Meskipun pemerintahan Modi telah memperoleh pujian atas reformasi yang dilancarkan mulai dari undang-undang kepailitan hingga GST (Goods and Services Tax) yang telah lama terhenti, kritik Sinha terhadap kebijakan pemerintah mengancam cerita positif tentang ekonomi oleh Modi.
Hingga berita ini diturunkan, juru bicara PM Modi belum memberi tanggapan apapun atas pernyataan Sinha tersebut.
Setelah berhasil memenangkan pemilu pada tahun 2014, Modi berjanji untuk menghidupkan kembali ekonomi India dengan agenda reformasi yang mencakup memangkas birokrasi, mendorong investasi asing, dan menyederhanakan sistem perpajakan.
Namun ekonomi negara yang pernah digadang-gadang memiliki pertumbuhan terpesat di dunia tersebut telah sangat melambat.

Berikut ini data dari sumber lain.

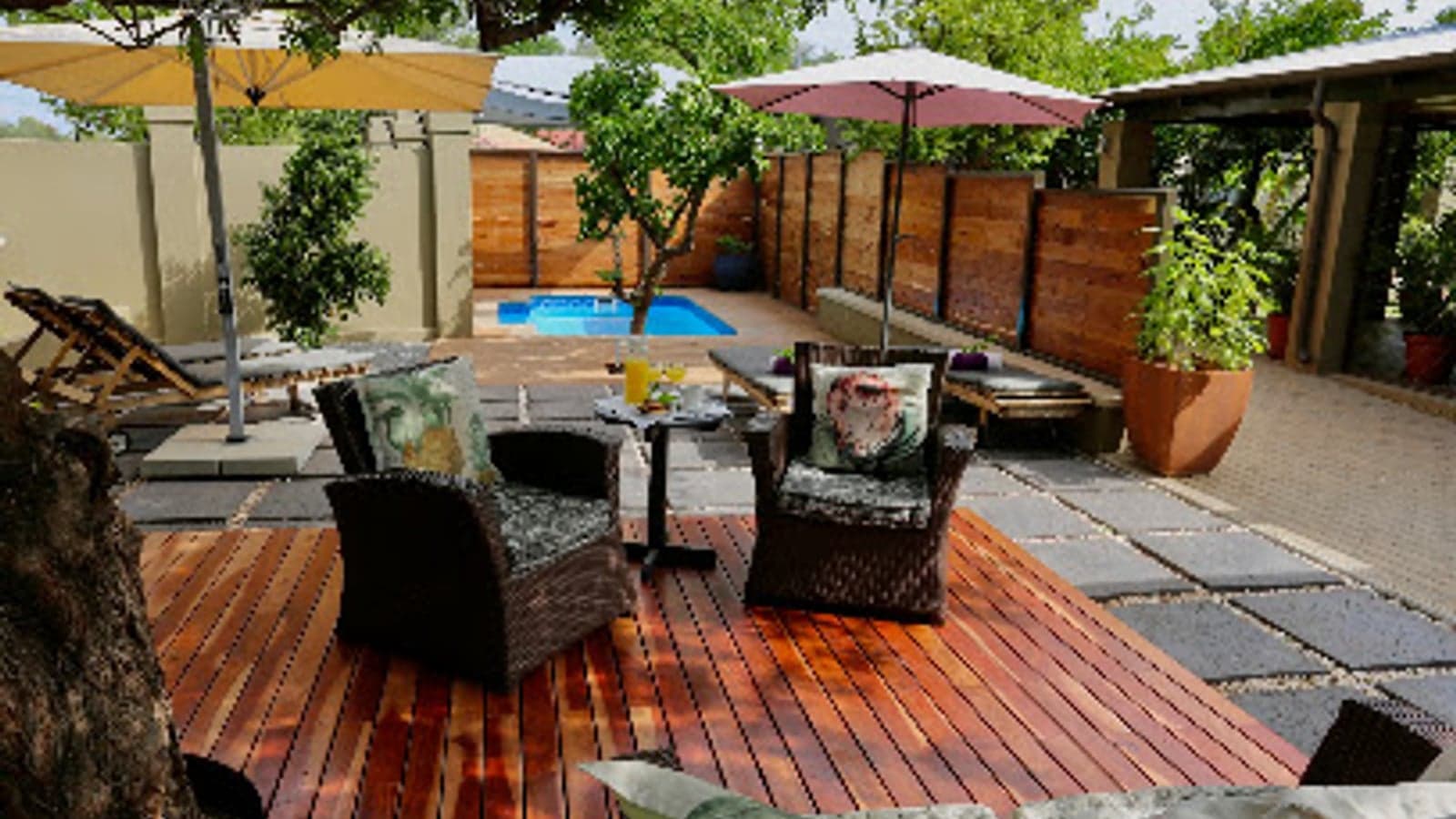 Het zwembad en de tuinterras bij Villa Violet, Windhoek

Mencapai pertumbuhan lebih dari 9% pada tahun 2015, ekonomi India hanya tumbuh 5,7% pada kuartal kedua tahun ini.
Menurut para ekonom, demi menyediakan lapangan pekerjaan yang dibutuhkan untuk populasi India yang tumbuh cepat, negara tersebut perlu mengalami pertumbuhan sekitar 7% per tahun.
Ada banyak variasi penjelasan mengenai perlambatan tersebut. Pemerintahan Modi menyatakan bahwa kondisi itu hanya bersifat sementara, disebabkan oleh gangguan penerapan pajak barang dan jasa nasional yang pertama di negara tersebut.
Namun para kritikus mengatakan bahwa permasalahan tersebut dimulai lebih awal, saat bank-bank terbebani oleh tingginya tingkat utang yang buruk dan ekspor yang goyah.
Menurut mereka, kesulitan struktural ini diperburuk oleh kebijakan demonetisasi pemerintah, dengan dilarangnya penggunaan 86% uang tunai dalam upaya untuk mengekang keberadaan black money yang juga telah sangat menghambat perdagangan.
Pekan lalu, Sinha menuliskan kritik kepada pemerintah. Dalam sebuah artikel untuk surat kabar Indian Express, Sinha mengatakan bahwa ekonomi India ‘berantakan’.
Modi, yang sebelumnya enggan menanggapi segala kritik terhadapnya, kemudian muncul dalam muncul dan menangkis segala kritik yang menyerang kebijakan-kebijakannya dalam menangani ekonomi negara tersebut, termasuk dari mantan menteri keuangan dari partainya sendiri.
“Ada beberapa orang yang dapat tidur nyenyak hanya setelah mereka menyebarkan perasaan pesimistis. Kita perlu mengenali orang-orang seperti itu,” ujar Modi, seperti dikutip dari laman Financial Times.
“Pemerintah sedang berupaya membalik (perlambatan). Kami siap mengambil keputusan dan kami memiliki kemampuan untuk melakukannya,” tegas Modi.